In the 1880s there were, in fact, a few hundred Jews in Dublin when a new wave of immigrants arrived from the Kovno province in Northern Lithuania. In search of a better life, these Litvaks established a community around Clanbrassil Street and Portobello. Eventually the area became known as Little Jerusalem.
In 1902, James Connolly ran for election to Dublin Corporation in the Wood Quay Ward, a constituency that included Portobello. Connolly printed his election literature in Yiddish. By the 1930s, there were 5,000 Jews in the city, and Clanbrassil Street on a Sunday morning was like “nineteenth century Russia,” as Ray Rivlin put it in her history of Jewish Ireland. Forty shops catered to Jews in search of meat and seafood as well as groceries, bread and confectionery.

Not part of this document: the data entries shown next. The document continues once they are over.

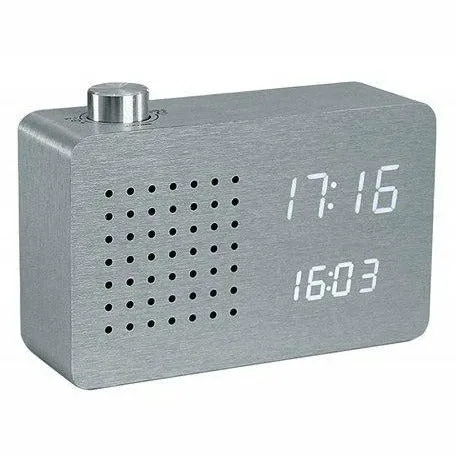 Radio Click Clock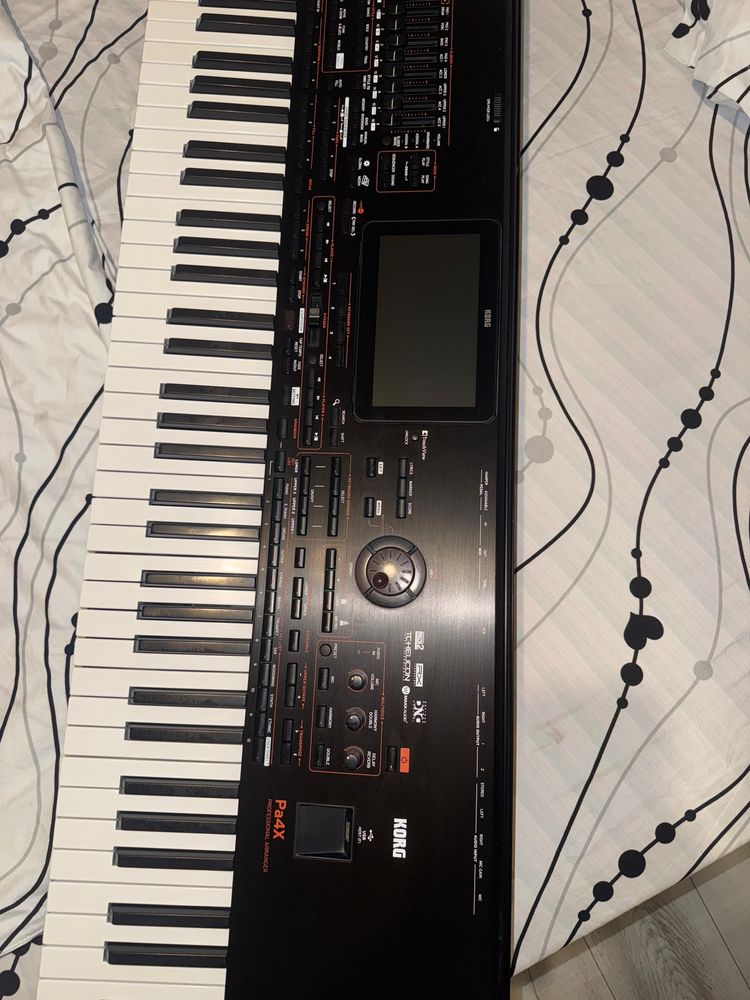Korg PA4x 76 key international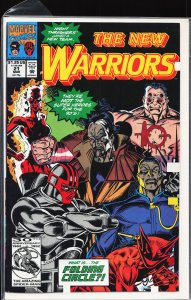 The New Warriors #21 (1992) New Warriors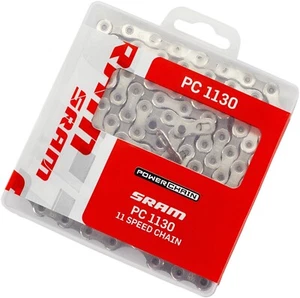 Sram PC-1130 11 Speed 120 Link Road Mountain Bike Chain Campagnolo Shimano Sram - Picture 1 of 5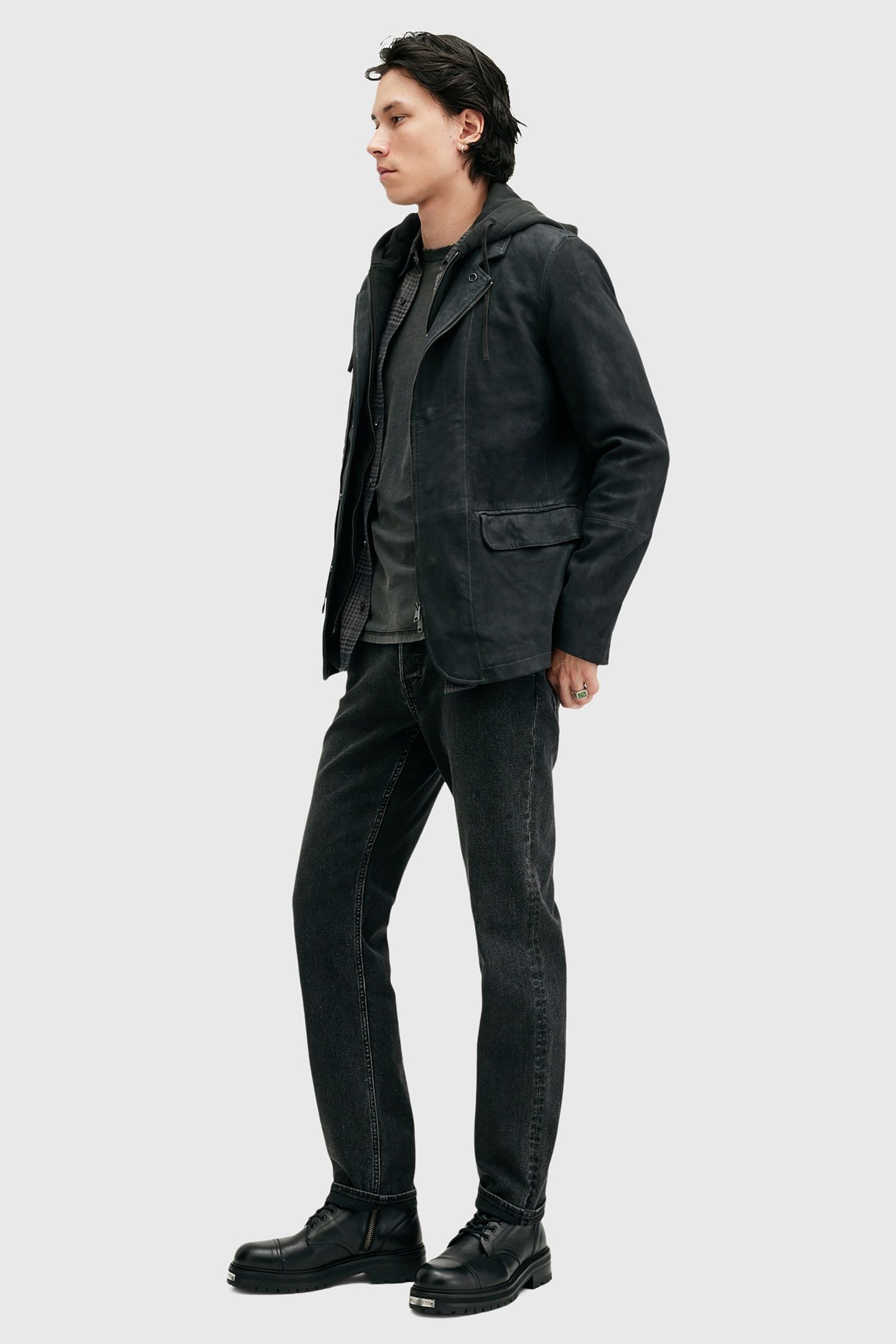 NORTON BLAZER CARTER GREY 4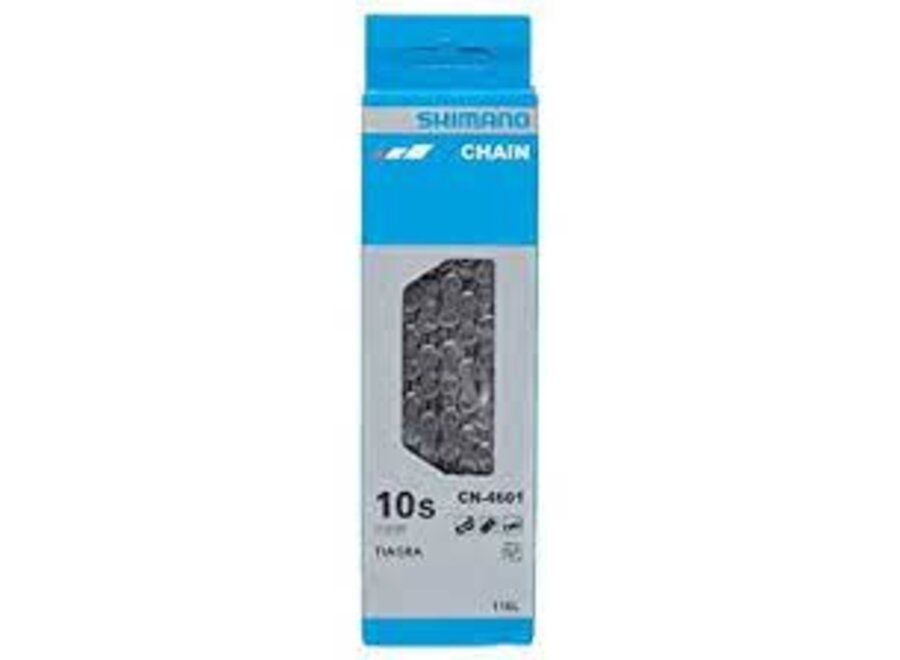 BICYCLE CHAIN,CN-4601,116 LINK TIAGRA,10-SPD,W/AMPOULE PIN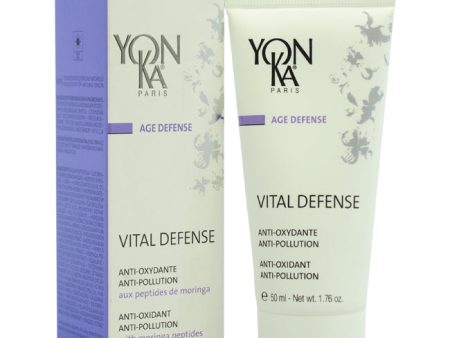 Yonka Age Defense Vital Defense Creme by Yonka for Unisex - 1.76 oz Creme Hot on Sale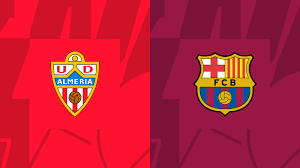 Almería vs FC Barcelona – La Liga – 16-May-2024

Some of the shopkeepers were formidable characters. Take Baila Ehrlich for example. A diminutive figure, with large glasses and an ever-present cigarette hanging from her mouth, Ehrlich ran a butcher shop that doubled as a place of refuge for the poor and the downtrodden. “The cigarette smoke added to the taste of her sausages,” says Bertha Cohen, whose family had a butcher on the same street.
Ehrlich’s good works were legendary, but she was suspicious of many things, including charm. If a customer interrupted her gossiping, she might ask: “Who sent for you?”
When the New York Times published a piece about Jewish Dublin, a journalist was sent to interview Baila Ehrlich on Clanbrassil Street. He noted that her shop was near the house that James Joyce chose for the birthplace of Leopold Bloom, the fictional protagonist of Ulysses. “The Blooms?” she said. “Down the street they lived. I never liked them.”
Today, the Fumbally Café is one of my favourite places to have lunch, but matzo ball soup does not feature on the menu. To produce this miniature portrait of a street that is now transformed, I spoke to a few people, searched a newspaper archive on the Internet and read two books. Together, they brought me slightly closer to Dublin, and closer, also, to myself, as my father’s ancestors were among those Jews who arrived in this country after fleeing Tsarist Russia.
So the honest answer to your question is that I have probably never acknowledged the importance of the humanities. But now that you ask, yes, this stuff matters. I am very grateful to those scholars who enrich our understanding of the past, as well as the many artists, writers, translators, philosophers, curators and historians who enable us to see life through the eyes of other people. To read, to absorb, to comprehend a little more about the human project; these are gifts beyond measure.
That is, I suppose, what the humanities mean to me.